The outlook for the domestic economy is mixed, with its performance likely to be led by events on global markets for the remainder of 2015.
The word that best summarises financial markets is volatile. Economic factors and geopolitical events continue to drive different views in markets, resulting in marked performance swings across asset classes.
There is a growing realisation that rising inflation levels have the potential to impact financial markets, which has led to a sharp rise in global bond yields. As we head into the second half of the year, the biggest challenge is whether the multiyear bond rally has finally reached its end game.
There are also concerns any moves by the US Federal Reserve to increase official cash rates will result in bond yields moving even higher from current levels. Additionally, equity markets may have moved ahead of fundamentals, making them prone to a correction.
Recent sell-offs in bond and equity markets represent a recalibration across global financial markets. But at this stage, this does not create a prolonged bear market.
It’s true the growth outlook remains mixed, with weaker than expected economic data across a number of regions in the first quarter of the year.

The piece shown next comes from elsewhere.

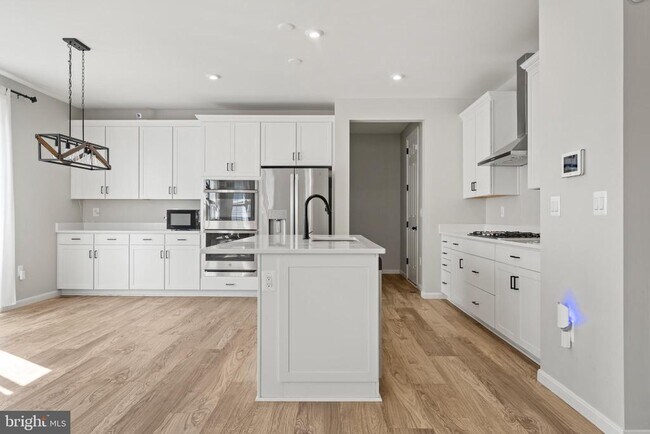 Building Photo - 5508 Redgum Ln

But while the European Central Bank (ECB) has been surprised by the extent of the ‘bounce’ in the European economy given it has only just begun its quantitative easing program, we see little chance of the ECB closing its program before its stated end date of September 2016. This provides tacit support for both bond and equity markets.

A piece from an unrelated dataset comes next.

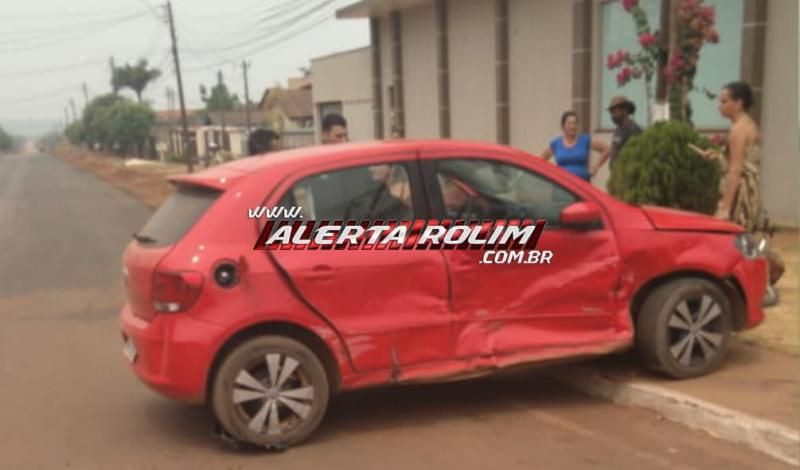 Colisão entre dois carros é registrada em cruzamento, na cidade de Rolim de Moura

Central banks in Japan and China and other emerging markets will continue to reduce cash rates to stimulate their economies. In addition, commodity prices are stabilising, although it will be some time before prices reach levels seen in 2014. These factors in combination should help to support global markets.
In Australia, the challenges facing the economy show no signs of reduction. With the need for structural reform vital, along with global and regional sensitivities, we do not see material change in the domestic economic landscape any time soon.

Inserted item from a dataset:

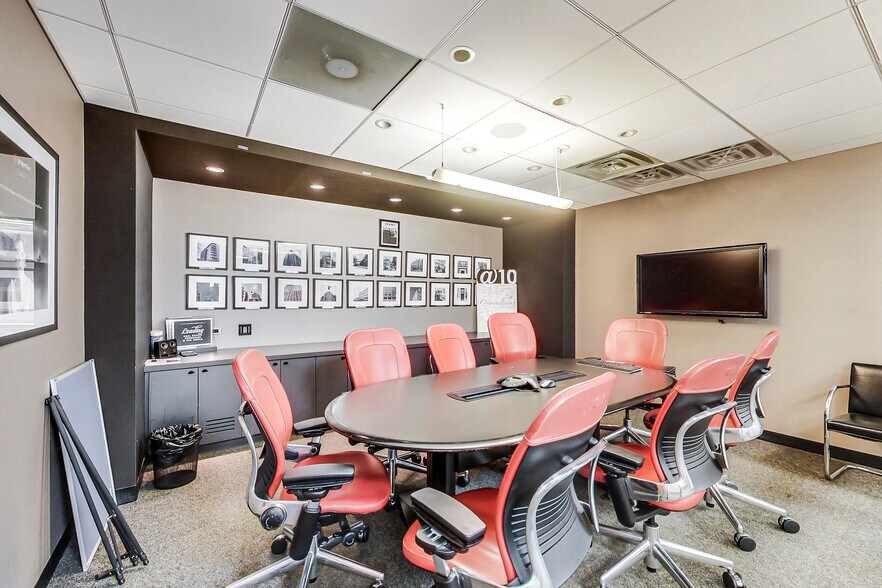 More Photos Of 212 E Ohio St, Chicago Office For Lease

Property data continues to show positive momentum with house prices in both Sydney and Melbourne still exhibiting growth. However, although the low interest rate environment is supporting higher house prices, we remain concerned about the medium-term outlook. This could impact the strength of the housing market, particularly if there is no broader improvement in the economy and the jobless rate rises.
Furthermore, the performance of corporate Australia remains subdued and the earnings outlook for the banking sector seems to have peaked. So it may be some time before the economy rebounds.
Overall, we believe the domestic economy will continue to moderate further. The near term fortunes of the economy will be linked to the global macro outlook as much as to domestic issues. Financial markets will continue to take their lead from global peers, most notably the US, and we have seen our bond market move in line with US Treasuries in recent periods.
Moreover, the slowdown across China, along with lower commodity prices, and a more benign corporate outlook have the ability to be a drag on the domestic share market for the remainder of the year.